REQUIRED ACTION: Once you reach the line with "キッチン　※写真は同じマンションの違う部屋のものになります。" below, copy each line exactly, stopping after the line with "Side Stripe Leggings", and skip any pictures.

PROVIDED INFORMATION:
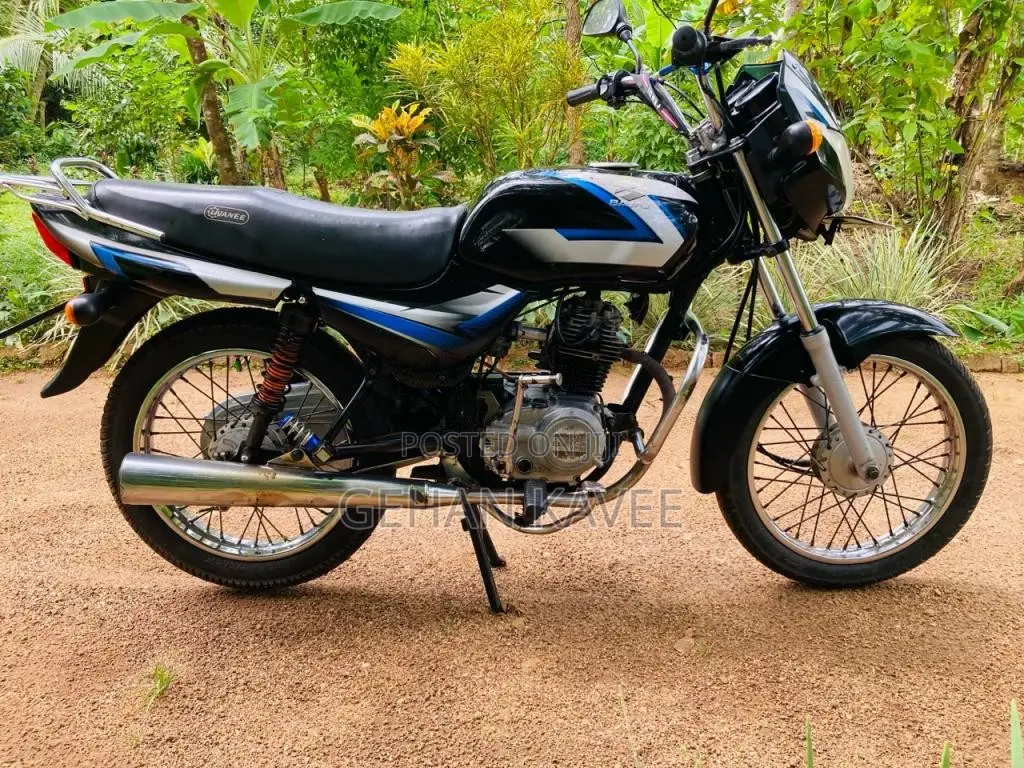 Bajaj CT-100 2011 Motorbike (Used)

...

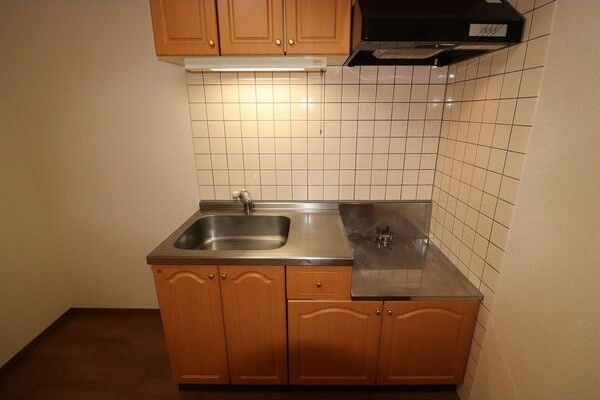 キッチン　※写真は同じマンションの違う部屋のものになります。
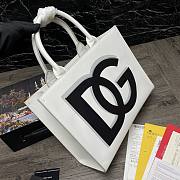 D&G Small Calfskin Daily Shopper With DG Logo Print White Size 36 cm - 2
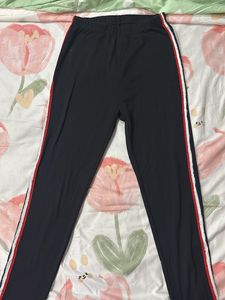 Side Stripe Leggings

---

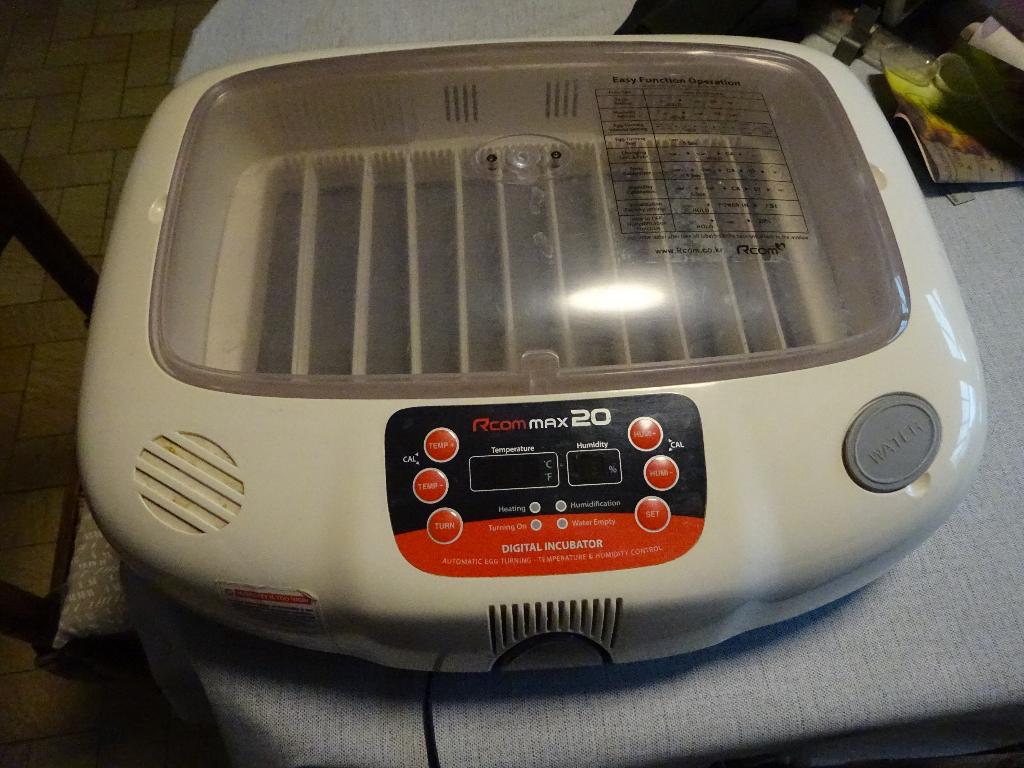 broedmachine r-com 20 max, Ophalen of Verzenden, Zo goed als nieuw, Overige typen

RESPONSE TO THE TASK:
 キッチン　※写真は同じマンションの違う部屋のものになります。
 D&G Small Calfskin Daily Shopper With DG Logo Print White Size 36 cm - 2
 Side Stripe Leggings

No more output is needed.